Адъютант доложил государю о прибытии Гучкова и Шульгина.
Николай попросил Покровского удалиться.
Князь вышел из вагона с тяжелым сердцем. На его глазах рушилось все то, за что он готов был отдать жизнь.
Гучков сразу же объявил:
– В Петрограде нет ни единой войсковой части, на которую, государь, вы могли бы положиться. Вам необходимо отречься от престола.
Николай неожиданно спокойно сказал:
– Я уже принял решение и отрекаюсь не только за себя, но и за сына.
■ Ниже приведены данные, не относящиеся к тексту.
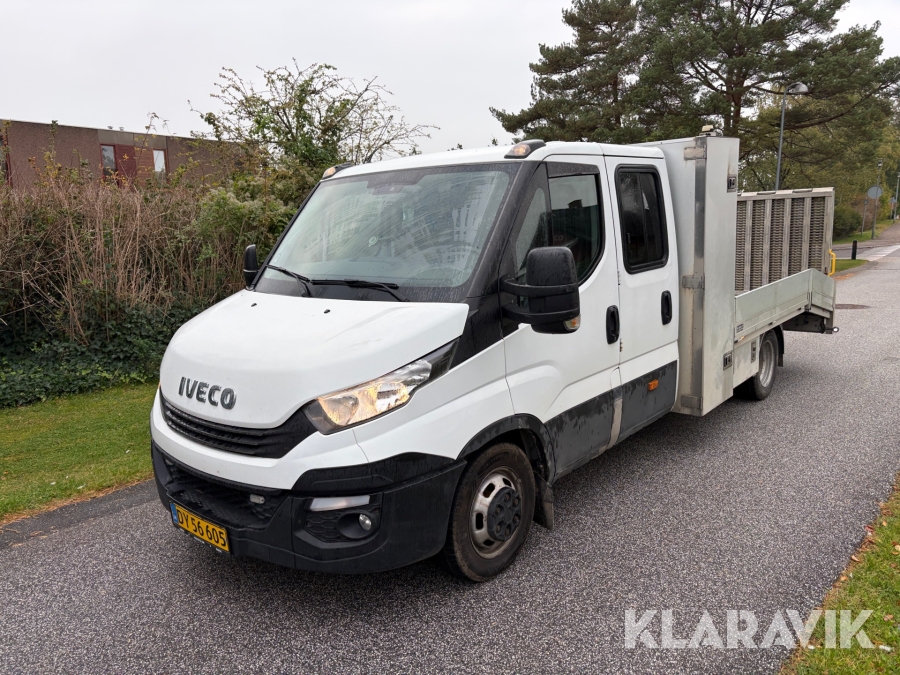 Mandskabsvogn Iveco Daily 35C18 3,0 Hi-Matic
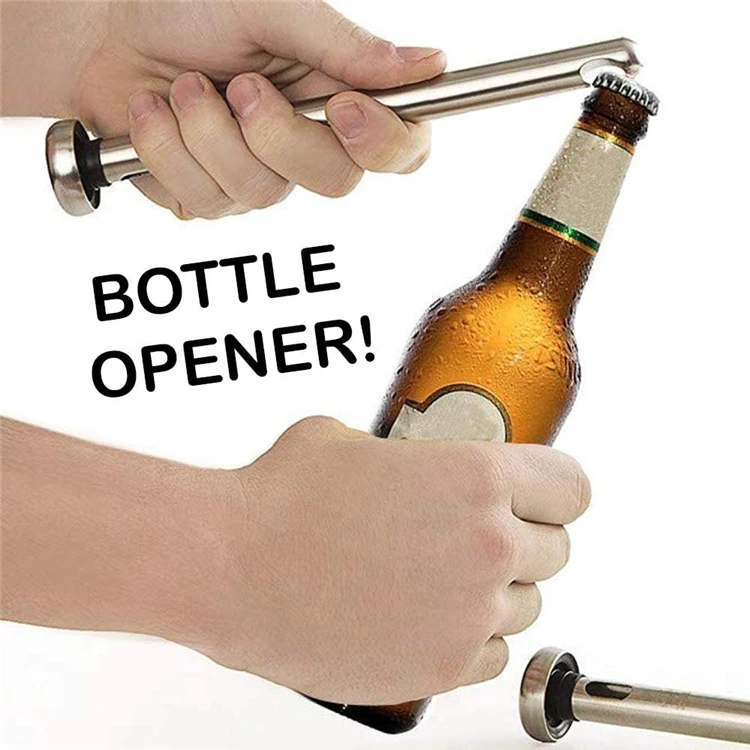 2pcs Beer Chiller Stick Instant Portable Stainless Steel Beer
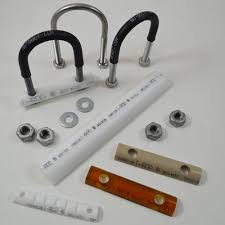 I Rod Anti Corrosion Pipe Support Systems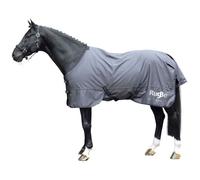 Covalliero Couverture D'extérieur Pour Chevaux Rugbe Zero 155 Cm Gris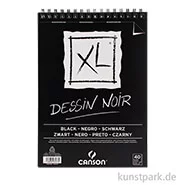 Artikelbild des Artikels “Canson XL Dessin NOIR Zeichenpapier, 40 Blatt, 150g DIN A3“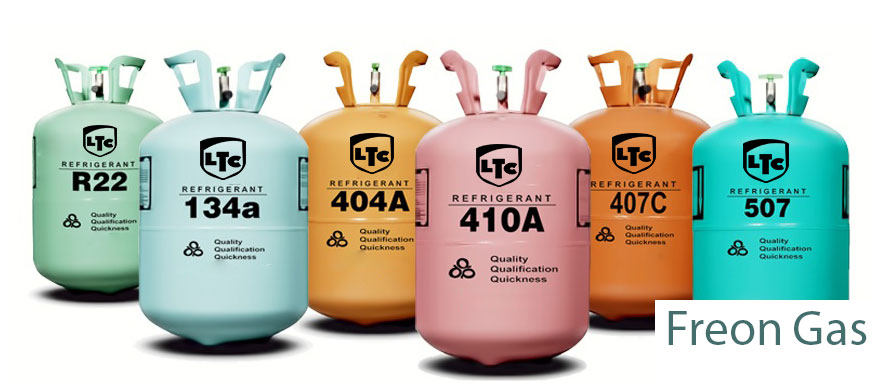 Refrigeration Freon Gases in Kenya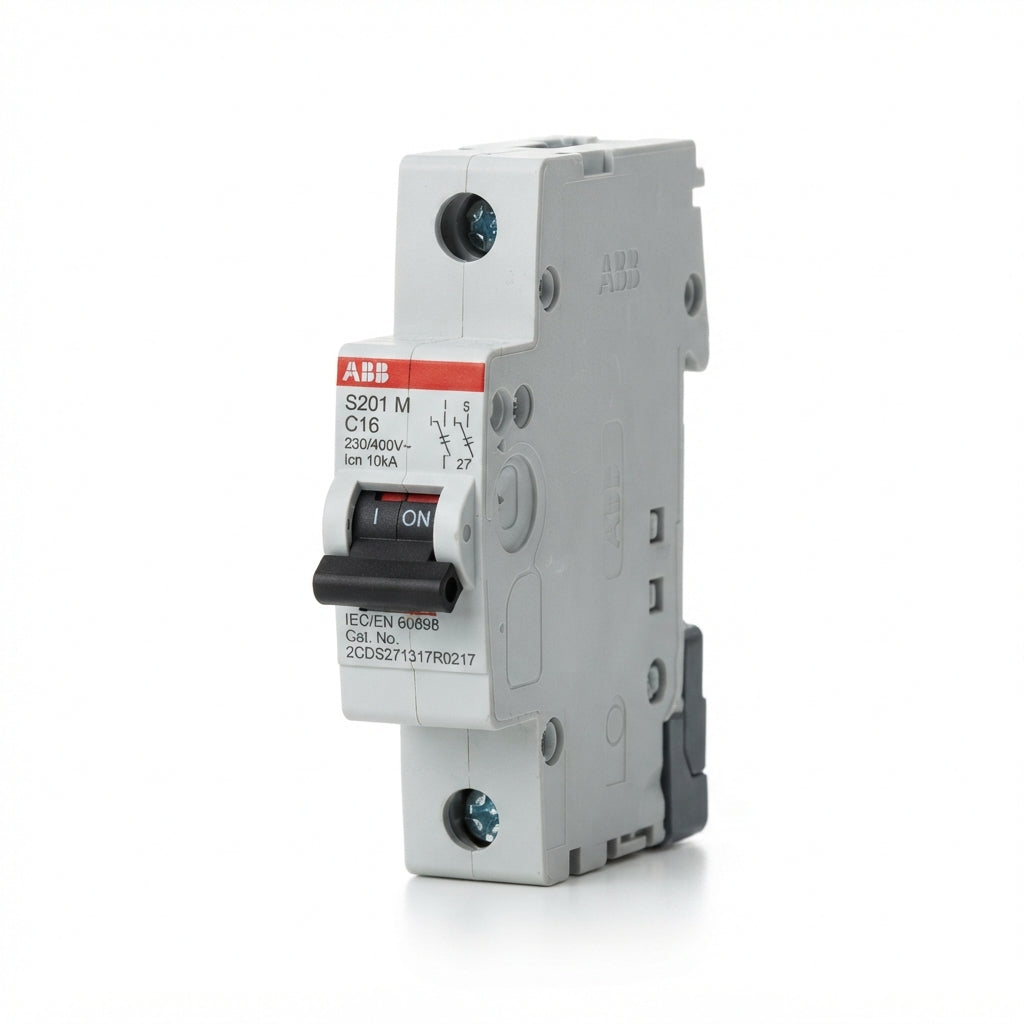 ABB 2CDS271317R0217 INTERRUPTORES TERMOMAGNETICOS MINIATURA RIEL DIN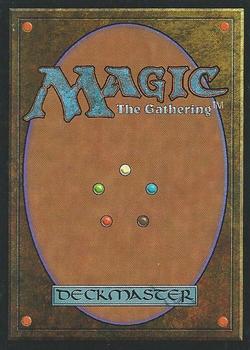 1998 Magic the Gathering Urza's Saga #307 Pit Trap Back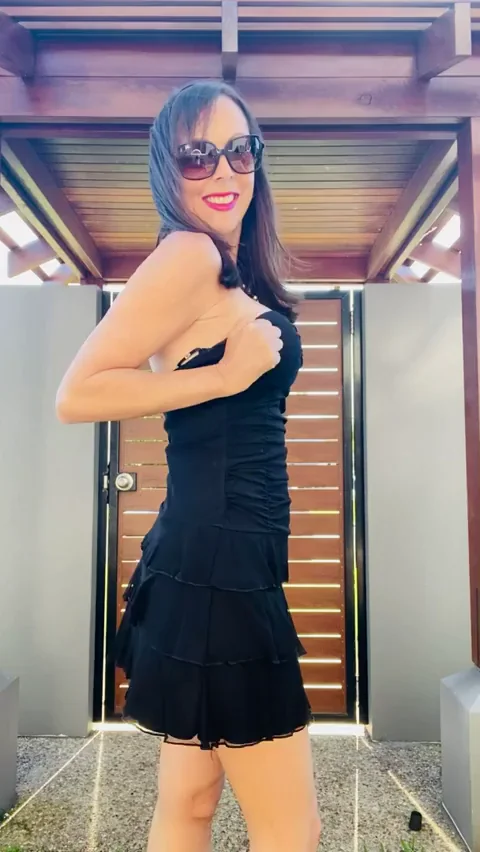 I wore this dress so you'd have easy access to my amazing tits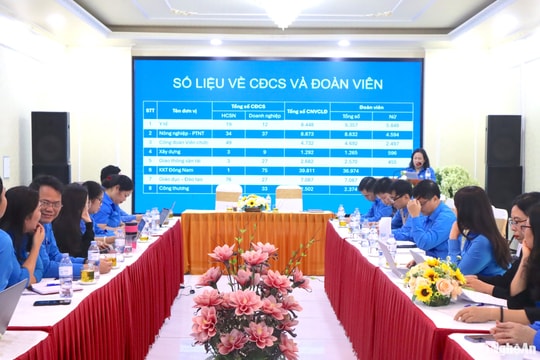 Liên đoàn Lao động tỉnh tổng kết cụm thi đua công đoàn ngành năm 2024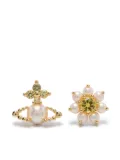 Vivienne Westwood Agnes earrings - Gold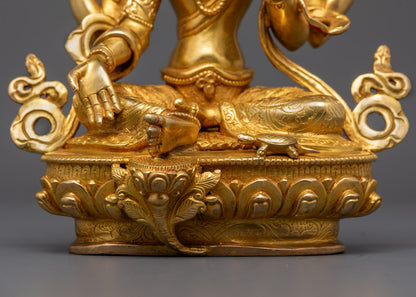 Goddess Laxmi Statue | Blessings of Prosperity and Happiness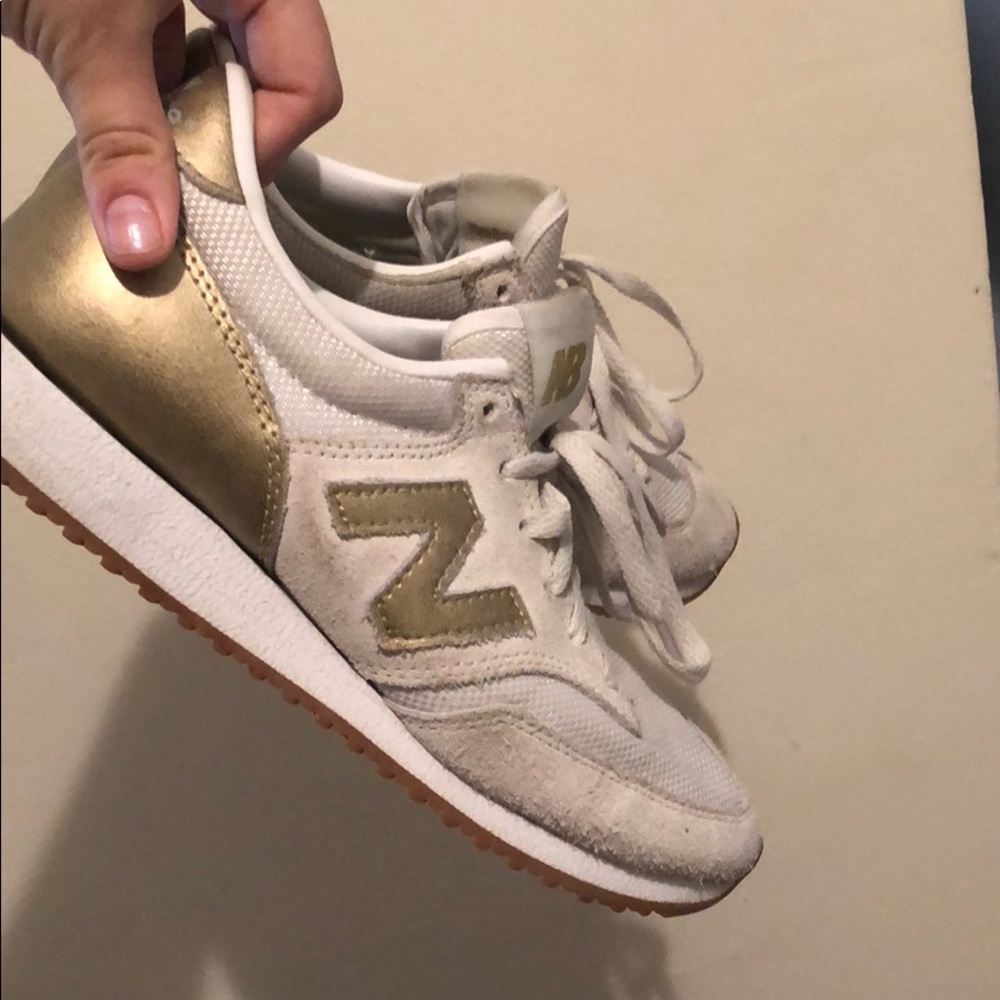 Jcrew new balance sneakers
Гучков знал, что подобным решением император нарушает манифест Павла Первого, который устанавливал, что царствующее лицо имеет право отрекаться от престола только за себя, а не за своих наследников.
Но что это значило для мятежников? Ничего.
– Вы уже подготовили проект манифеста? – спросил Николай.
– Да, он с нами.
– Позвольте? – Государь принял документ и ушел с ним в кабинет, устроенный в вагоне.
Депутаты Думы пребывали в некотором недоумении и тут же услышали стук пишущей машинки.
Через пять минут император вернулся и подал Гучкову два телеграфных бланка, на одном из которых поставил подпись карандашом.
– Что это? – спросил опешивший Гучков.
– То, чего вы добивались от меня. Отречение в пользу великого князя Михаила Александровича.
– Но это просто телеграмма, бланк, подписанный карандашом. Здесь нет печати.
– Отречение, господа, да будет вам известно, составляется в произвольной форме. Если я отрекаюсь от престола, то сам и решаю, как это сделать.
– Но это не отречение! Неужели в императорском вагоне нет чистых бланков царских манифестов, чернил? Почему вы не поставили императорскую печать?
– Большего вы от меня не добьетесь. Не смею задерживать.
Таким образом, никакого законного отречения от престола не было. Впрочем, это уже не имело ни малейшего значения.
Государь выполнил свой долг до конца, так, как мог в критической ситуации, сложившейся в стране. Он прекрасно понимал, что ждет его в будущем.
Оставшись один, Николай подошел к окну, отодвинул штору, долго стоял и глядел в черную ночь.